Shared Repository: #
Once a database appears, it is unlikely to go away. I see the following evolutions to improve performance of the data layer:
- Shard the database.
- Use Space-Based Architecture for dynamic scalability.
- Divide the data into a private database per service.
- Deploy specialized databases (Polyglot Persistence).
Shard the database #
Patterns: Sharding (Shards), Shared Repository, maybe Sharding Proxy.
Goal: increase capacity and performance of the database.
Prerequisite: the data is shardable (consists of independent records).
If your database is overloaded and the data which it contains describes independent entities (users, companies, sales) you can deploy multiple instances of the database with subsets of the data distributed among them. You will need to deploy a Sharding Proxy or the services will have to find out which database shard to access by themselves, likely through hashing the record’s primary key [DDIA]. There is also a good chance that several smaller tables will have to be replicated to all the shards or moved to a dedicated Shared Database (resulting in Polyglot Persistence).
Modern distributed databases support sharding out of the box, but an overgrown table may still impact the performance of the database.
Pros:
- Unlimited scalability.
- You don’t need to change your database vendor.
- Failure of a single database instance affects few users.
Cons:
- You need to manage many instances of the database.
- The application or a custom script may have to synchronize shared tables among the instances.

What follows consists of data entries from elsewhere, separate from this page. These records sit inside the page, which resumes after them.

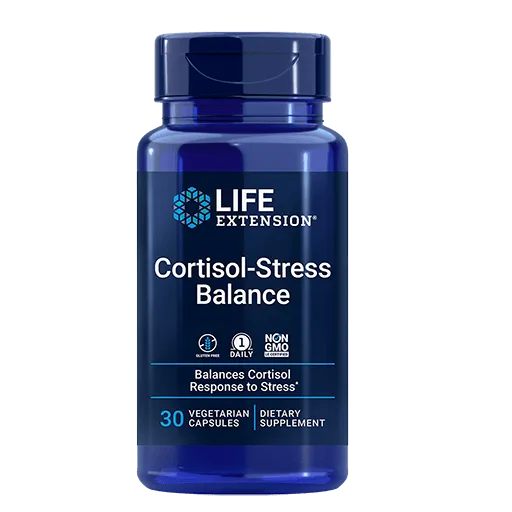 Cortisol-Stress Balance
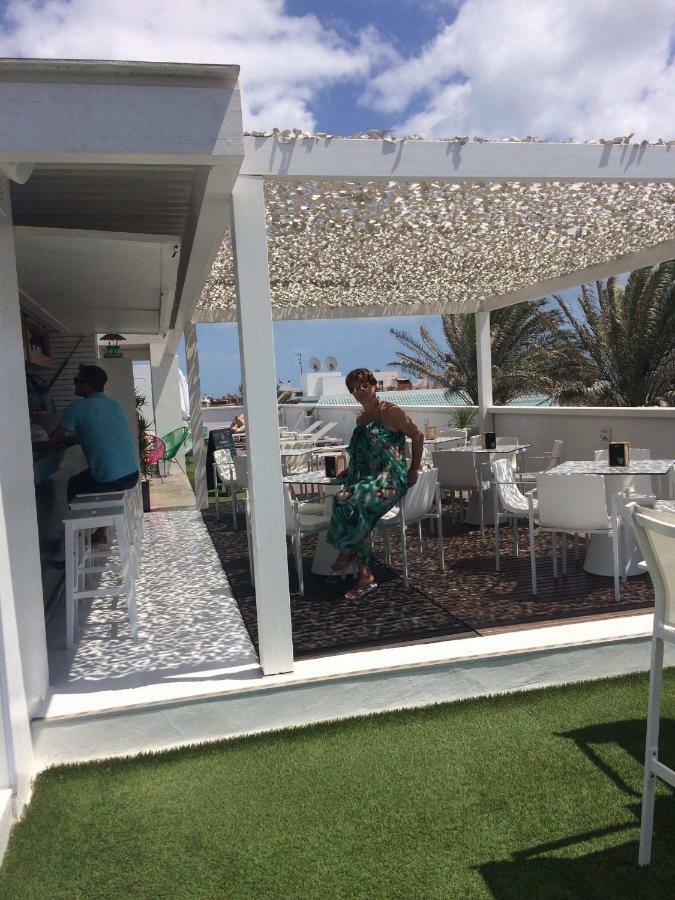 Exclusive Vista Bristol Apartment Corralejo Exterior photo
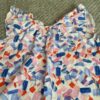 Joules, girl’s dress, ice cream print, size 4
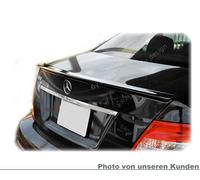 Adatto A per Mercedes W 204 Classe C Aerodinamica Spoiler Messa Punto Auto Parti
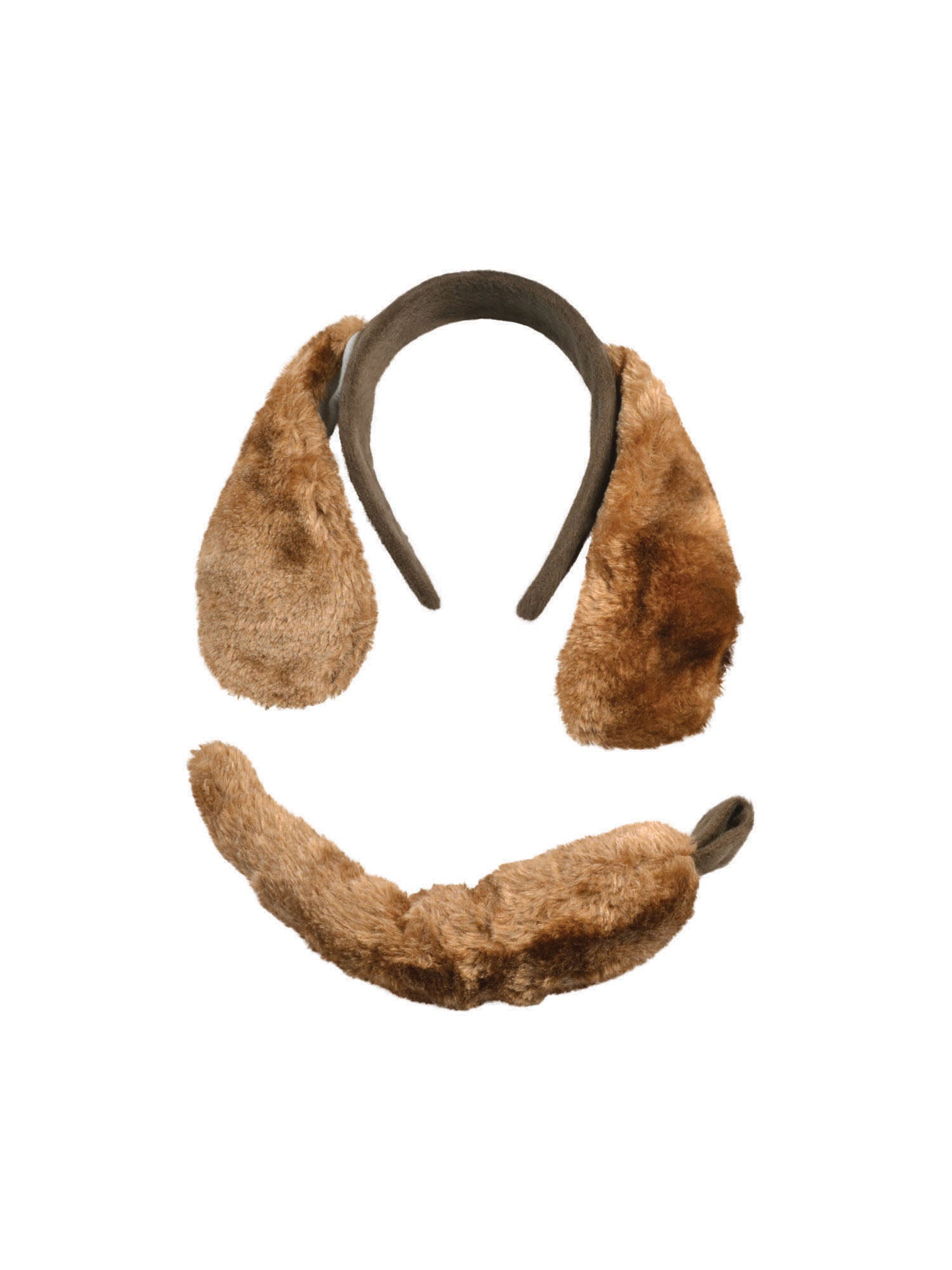 Dog, Multi, Forum, Disguise Set, One Size, Back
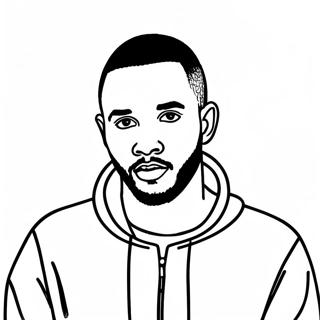 Pagina Para Colorir Do Frank Ocean 54028-45023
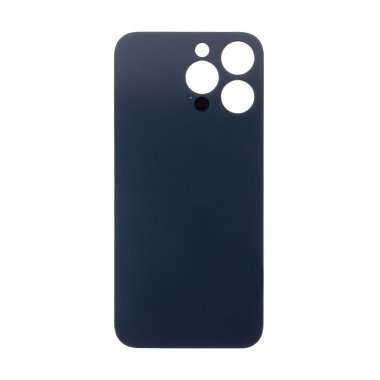 Задняя крышка для Apple iPhone 14 Pro Max (белая) Премиум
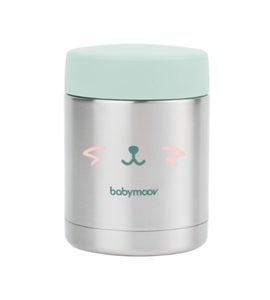 BABYMOOV TERMOBOX EAT´S ISY - TERMOOBALY A TERMOSKY - KRMENÍ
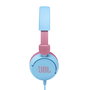 Casque JBL JR310 Bleu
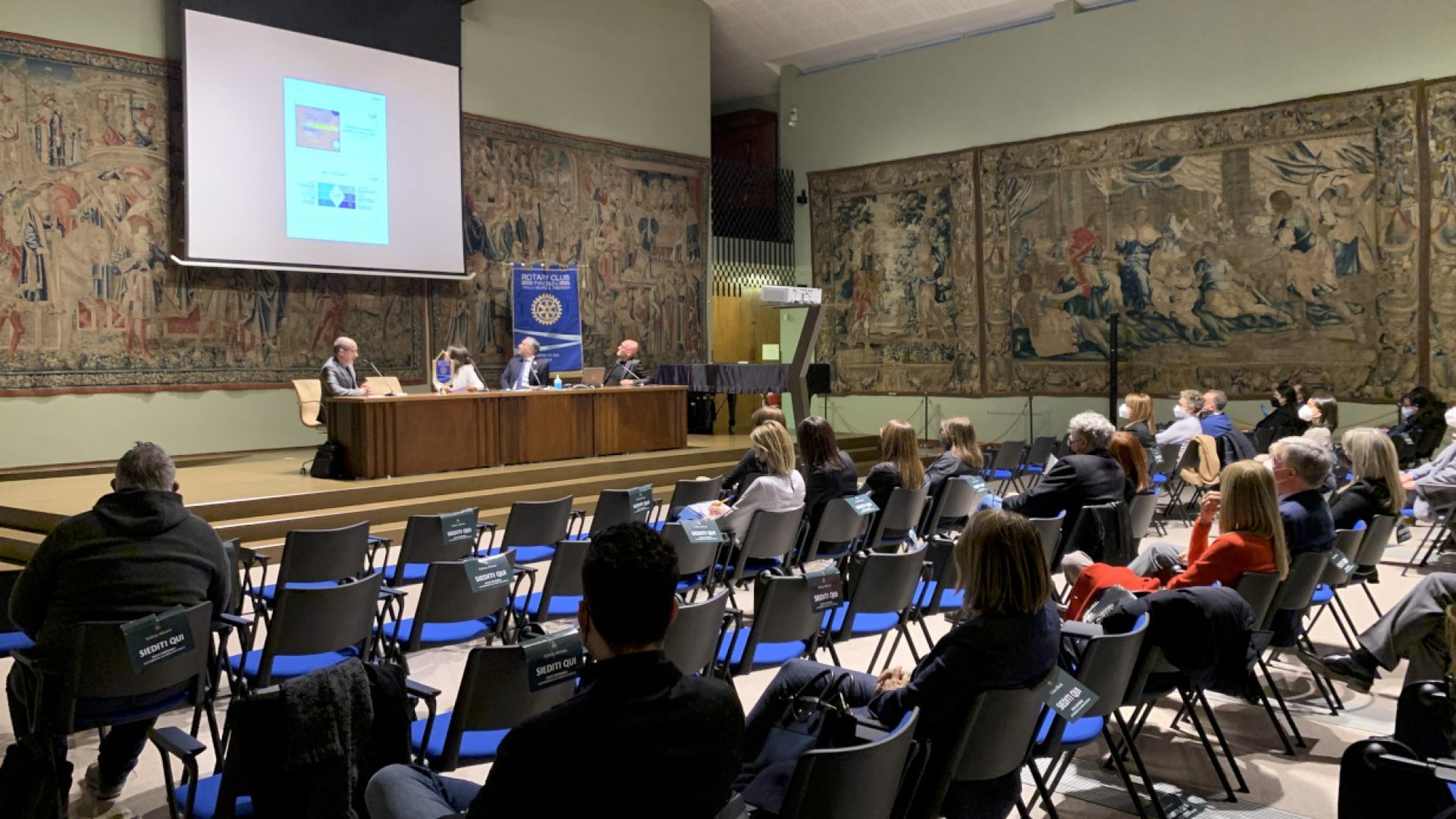 "Transizione energetica e design", connubio possibile. Un convegno all'Alberoni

- There is no way to do joins or run aggregate functions (such as sum or count) over multiple shards – all that logic moves to the services that use the database.
Further steps:
- Polyglot Persistence or CQRS describe pre-calculating aggregates into another analytical database (Reporting Database).
- Space-Based Architecture may be cheaper as it scales dynamically. However, in its default and highly performant configuration it is prone to write collisions.
Use Space-Based Architecture #
Patterns: Space-Based Architecture (Mesh, Shared Repository).
Goal: scale throughput of the database dynamically.
Prerequisite: data collisions are acceptable.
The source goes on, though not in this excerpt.